One More Time: What Do You Want Us to Do About Covid that We Aren't Doing Already?
stop telling me how to feel and start telling me what you want us to do
Due to some technical issues this post was published and then unpublished. Also comments weren’t turned on and now are. Also please check out Ryan Zickgraf’s review of The Medium is the Message, a runner-up in our book review contest.
Years ago, when the appropriate stance on Syria was still an argument that raged within the far-left, I was often frustrated by a strange dynamic in the conversation: there was a faction that would frequently express dissatisfaction with those who opposed US intervention while opposing intervention themselves. They recognized that a US invasion would be disastrous, but they felt that those of us who publicly opposed such an invasion were too glib and unserious. They wanted the United States to Do Something, and they wanted the rest of us to want that too.
I was among those who believed that there was no good action the United States could take, other than accepting as many refugees as we could. I had some sympathy for the people demanding that we Do Something in Syria, given the immense human costs of that war. But as happens in these cases they became addicted to feelings and attitudes over substance. They were relentless in saying that all of us on the left had to regard Assad as a monster (which he clearly was) and that anti-imperialists who minimized Assad’s crimes were deluded and wrong (which they clearly were). The trouble was that, for one, the number of people who made excuses for Assad’s crimes were very few even within the far-left; I am connected to a very largely network of people way out on the radical left fringe of American politics and I couldn’t name more than a handful of “pro-Assad leftists.” Second, the Do Something crowd always demanded more, even as they agreed that an American invasion would be senseless and destructive. And they were very, very vocal that the rest of us were inherently unserious for not being angry enough about the Syrian regime’s crimes.

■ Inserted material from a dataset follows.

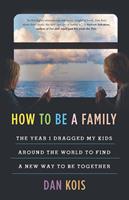   How to Be a Family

I articulate that last sentence carefully, because ultimately it really was a matter of emotions, of feeling the right way. My position was pretty simple: yes, Assad is a monster, but American intervention in Middle Eastern conflict has been a series of horrors, many of the forces arrayed against Assad seemed like very bad actors themselves, and as always the law of unintended consequences ruled. Libya's last decade would seem to prove as much. So what else could be done, other than sending aid and accepting refugees? Sometimes these “third way” types (angry towards non-interventionists but stopping short of calling for full-scale intervention) would propose actions like air strikes or no-fly zones, but advocacy for these things would always be provisional and half-hearted, no doubt because none of them ultimately would have saved Syria. But then, after a certain point policy became irrelevant.
What they really wanted was for other people to feel harder. It was not enough to acknowledge that Assad was a cruel dictator; we were all expected to constantly emote about it, to rage publicly about it, to throb with anger that the wrong kind of leftists were supposedly making excuses for Assad, even if only by saying that we shouldn't invade. It was not enough to express sympathy for the innocent Syrian victims; we were expected to constantly rend our garments online in a way that showed that really, truly cared. There was such a palpable sense that these people needed to have their own emotional and affective response to the crisis validated. In some limited sense I knew where they were coming from. But “feel more” is not a plan, and given that the United States has troops in Syria to this day, they were potentially lending inadvertent support to a very dangerous cause themselves. All in the pursuit of… what?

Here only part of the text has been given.